Assigned task:
From the line containing "Women Autumn Winter" down to the line containing "Sandalias de cuero", copy out the entries below exactly, both lines included, and nothing else; pictures do not belong in the copy.

Input records:
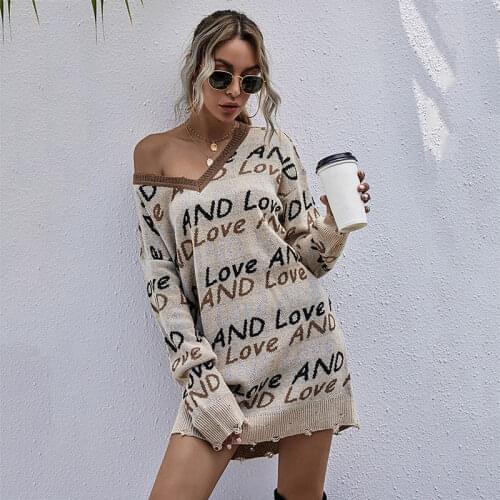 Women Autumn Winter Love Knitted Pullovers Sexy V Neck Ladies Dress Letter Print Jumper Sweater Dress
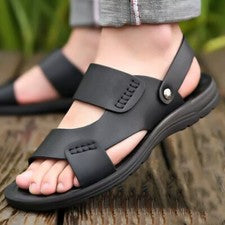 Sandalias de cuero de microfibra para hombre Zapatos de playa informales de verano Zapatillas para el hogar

--

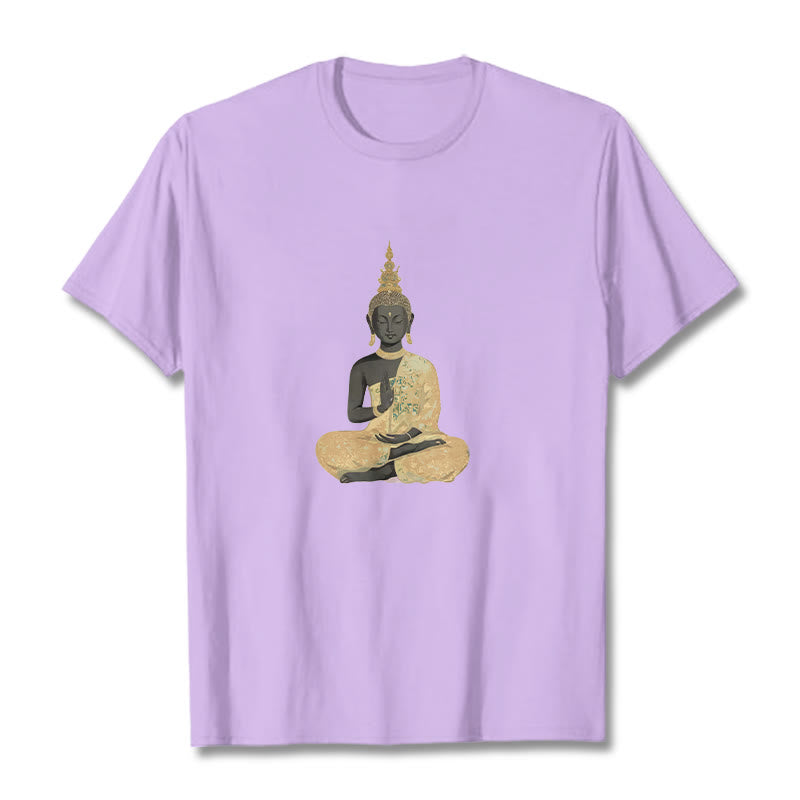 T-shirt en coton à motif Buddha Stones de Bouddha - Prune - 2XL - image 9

Answer area:
 Women Autumn Winter Love Knitted Pullovers Sexy V Neck Ladies Dress Letter Print Jumper Sweater Dress
 Sandalias de cuero de microfibra para hombre Zapatos de playa informales de verano Zapatillas para el hogar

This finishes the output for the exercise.